By: Private Equity News – Private equity firms that back oil and gas businesses are becoming increasingly vocal about the role the sector can play as the world shifts to cleaner energy — and they are using the current energy crisis to make their point.
Energy-focused firms including NGP Energy Capital Management, Pickering Energy Partners, and Quantum Energy Partners have been sending articles, reports, and presentations to investors highlighting the importance of oil and natural gas during the transition to renewables. The effort comes as investors continue putting less money into fossil fuels.
The private equity firms argue that the renewable energy sector cannot expand capacity quickly enough to attain net-zero emissions by 2050, a common goal shared by the US government and various big companies.
The world would do better, the private equity firms say, if the US continued supplying a big portion of the oil and natural gas it needs — avoiding a production shift to countries with looser environmental standards — while investing in systems that capture and store carbon dioxide to reduce emissions in the sector.
Relying too much on renewable energy sources has risks, the private equity firms say, pointing to how natural gas shortages and weak winds led to high energy prices in Europe last year, even before Russia’s invasion of Ukraine this February. Natural gas prices soared further after Moscow recently slashed exports to Europe, an effort to split the Western coalition opposing Russia’s Ukraine invasion, energy specialists say.
“We need to quit just focusing on replacing all hydrocarbons with wind and solar. We’ve got to ask ourselves, ‘What’s practical? What can we really do?’” said Wil VanLoh, chief executive of Houston-based Quantum. He added that the world has never experienced a complete energy transition before but instead added new sources of energy over time. “It’s kind of make-believe to think that we can actually replace three forms of energy this time,” VanLoh said, referring to coal, oil, and natural gas.
Pension funds, endowments, and other institutional investors are increasingly moving away from fossil-fuel-related assets, often under pressure from environmental activists and their own constituencies. Private equity firms raised a total of $2.98bn across seven oil-and-gas-focused funds in the US in the first half of this year, 40% less than the total of $5bn they collected across 12 such funds in the year-earlier period, according to research provider Preqin.
The private equity firms striving to persuade investors not to abandon the oil and gas sector are certainly defending their economic interests. But their leaders say they are also reacting to what they consider misconceptions about a sector that, they say, is critical to providing the world with the low-cost energy it will need on its path to net-zero emissions.
Many investors agree that investing in energy assets beyond renewables is still necessary, consultants and investors said.
“I think that a lot of private equity investors recognize that the energy transition is going to take a while,” said Matt Garfunkle, a partner at London-based Pantheon Ventures, an investor in private capital funds.
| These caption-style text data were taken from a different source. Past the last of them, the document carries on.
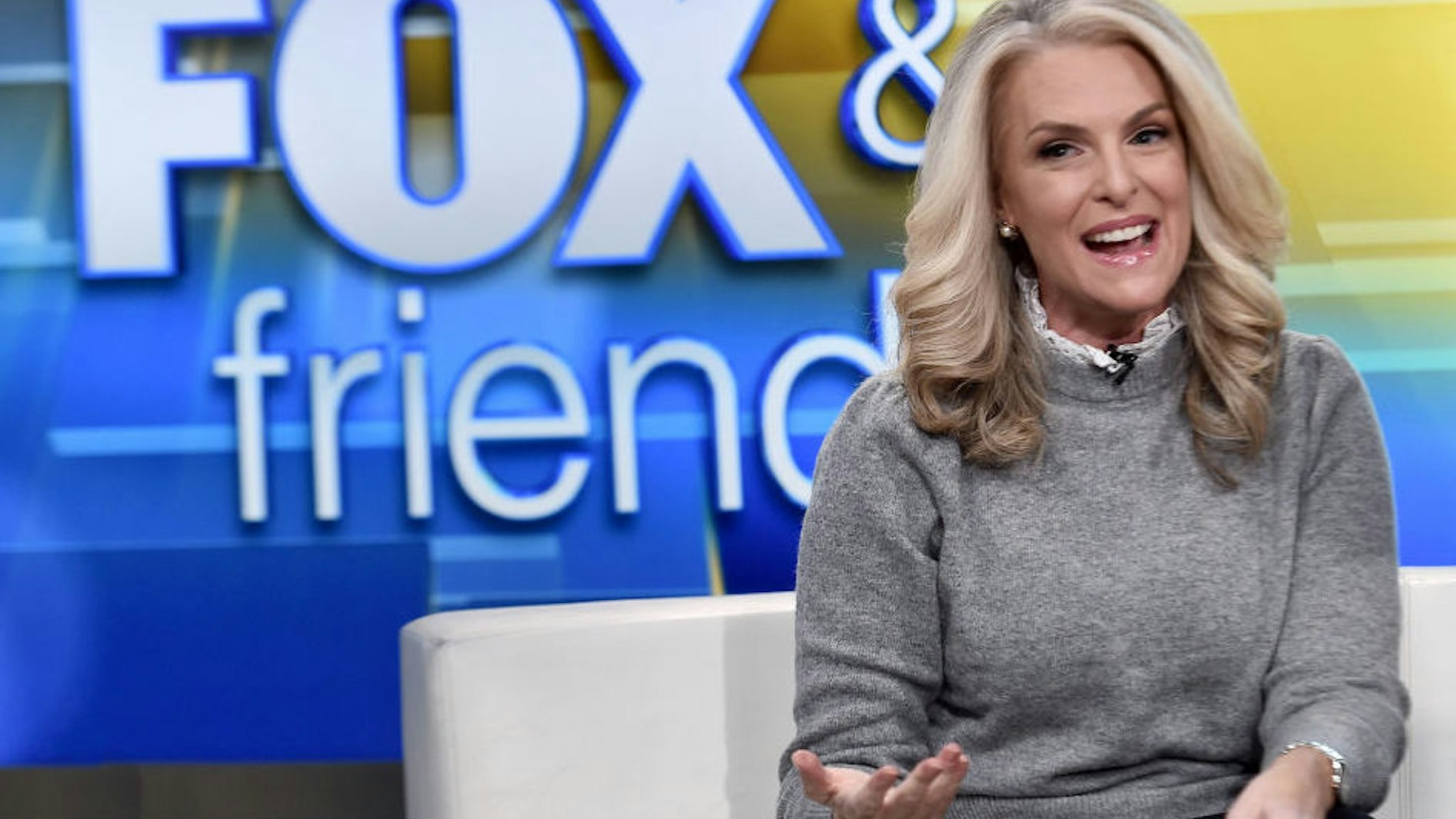 Janice Dean presents on "Fox & Friends" at Fox News Channel Studios on November 04, 2019 in New York City.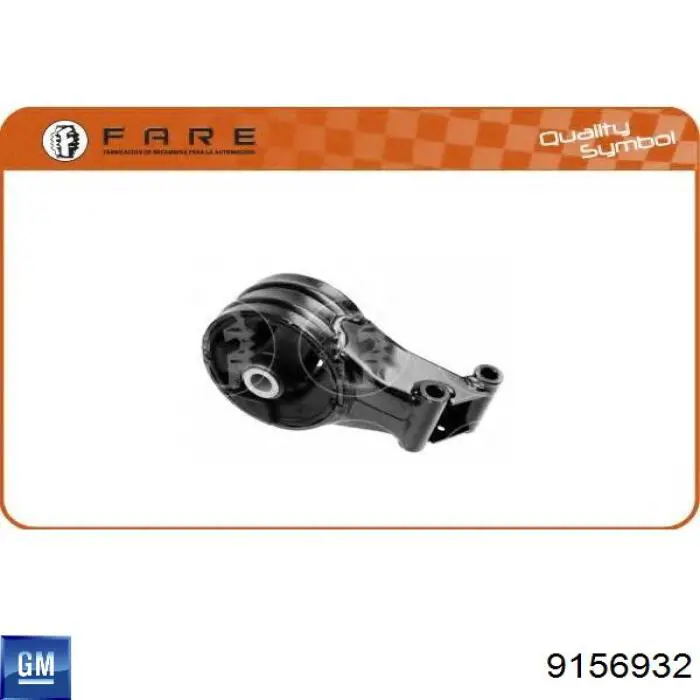 9156932 General Motors Coxim (suporte) traseiro de motor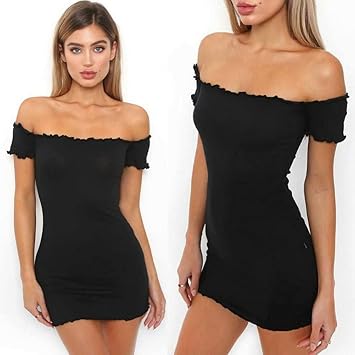 amazon black off the shoulder dress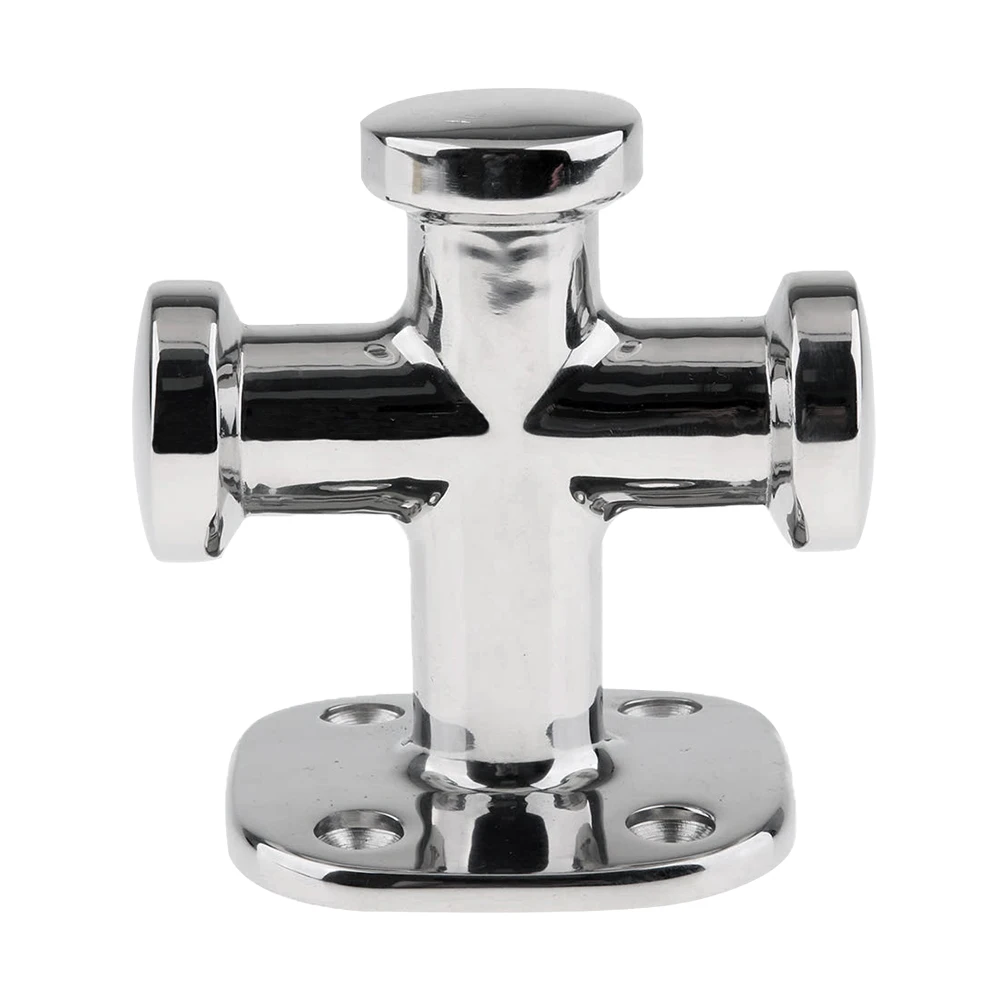 Factory Price AISI316 Stainless Steel Single Polish Mirror Surface Marine Hardware Single Bollard For Boat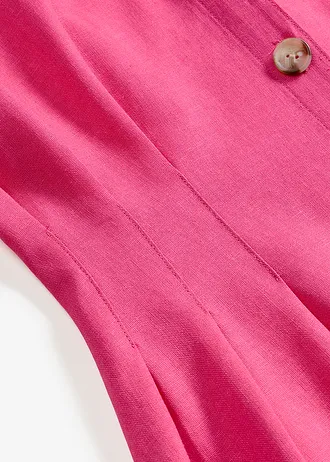 Rochie midi din material lejer, cu in • roz pinklady • magazin bonprix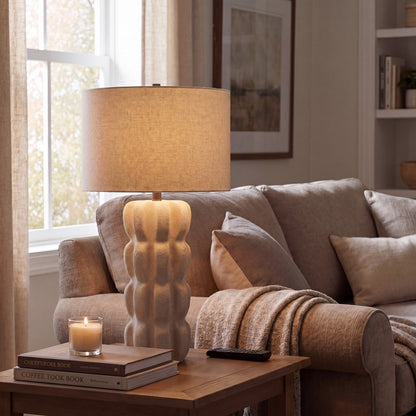 Savoy House Haddington 1 Lt Table Lamp, Beige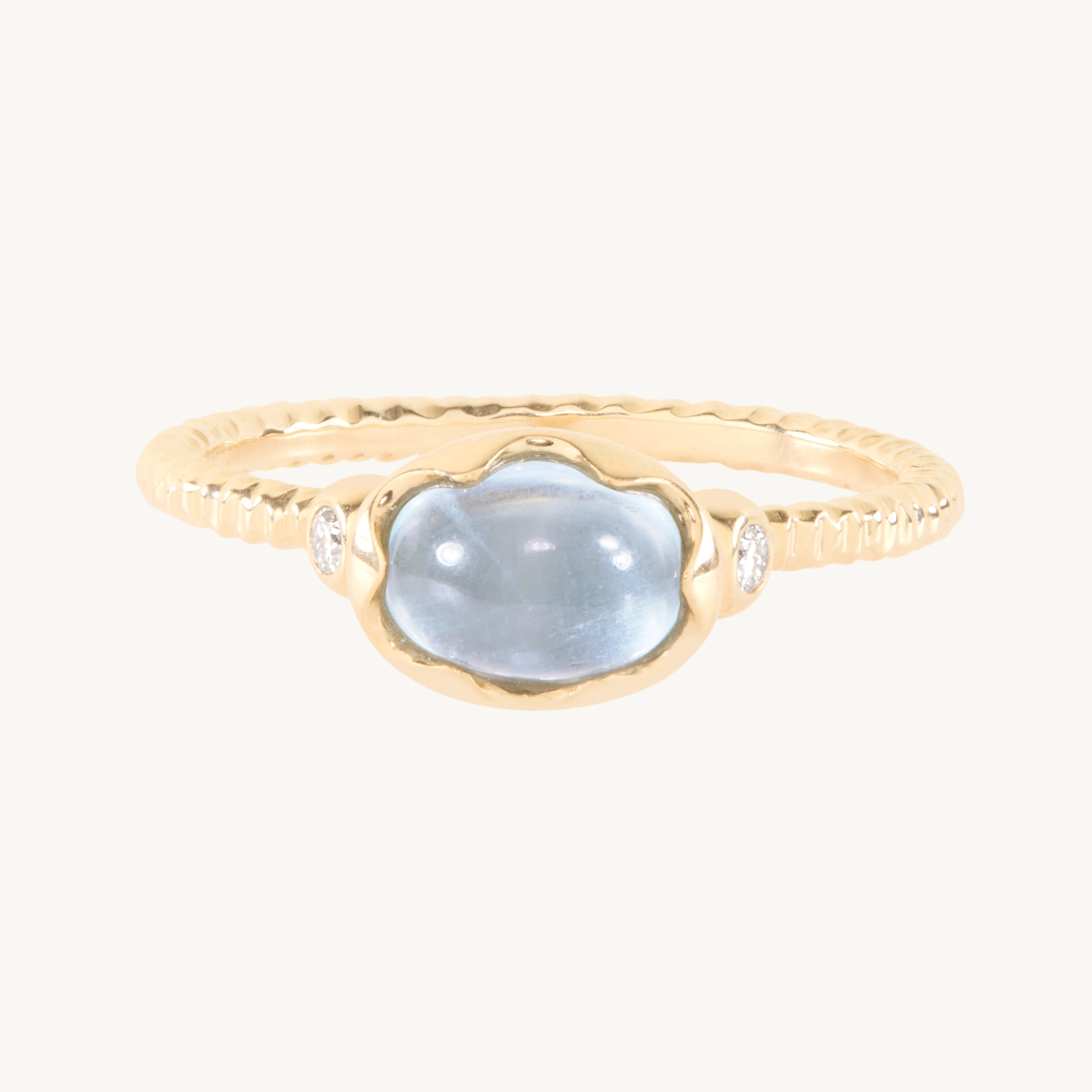 Aquamarine Wishing Well Ring | Catbird NYC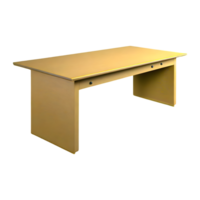 AI generated A table designed for writing or paperwork may have drawers isolated on transparent background png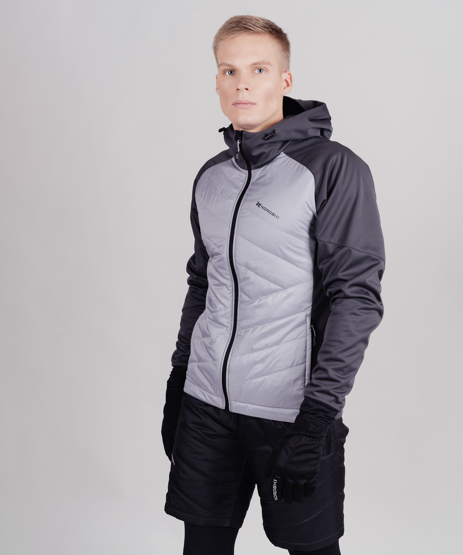 Куртка Nordski Hybrid Hood Black/Lime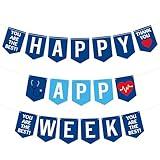 Supervitae 18 Pcs Advanced Practice Provider Week Decorations Banner Wall Decor Holiday Celebrating for Party Favors Festival Supplies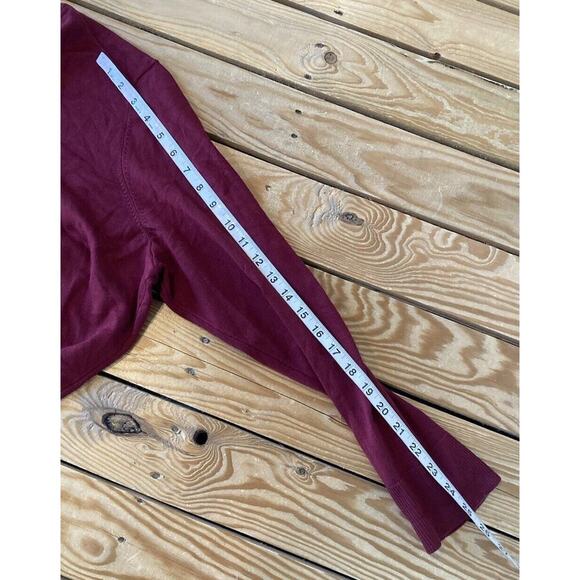 NWT $49.95 Lane Bryant Button Up Cardigan Sweater Size 22 Women’s Maroon - Picture 10 of 10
Garfunkle added, however, that appetite for oil and gas funds remains muted as investors largely prefer to back businesses that are expanding their “green side”.
He pointed to Pantheon’s recent investment in a fund that backed power company Calpine, which operates many natural-gas-fired plants and builds solar and wind projects.
Oil-and-gas-focused private equity firms are also increasing their investments in clean energy businesses as they try to win over investors while pointing out their efforts to reduce carbon emissions across their portfolios. For example, NGP-backed oil-and-gas companies recorded a drop of 14% in direct emissions and 40% in methane intensity last year, according to a recent article that NGP sent to all its investors. Other such firms, particularly Kimmeridge Energy Management, argue that the oil-and-gas sector itself must change if it wants to continue attracting capital. One important step would be to set its own net-zero goal, according to the New York firm. In a recent white paper, Kimmeridge called for the sector, among other actions, to electrify operations, reduce flaring and use carbon credits to achieve net-zero emissions by 2030.
“We don’t have an oil and gas problem. We have a carbon emissions problem,” said Kimmeridge managing partner Ben Dell. “If we took the emissions out of the oil-and-gas industry, there’s no reason why we shouldn’t support it.”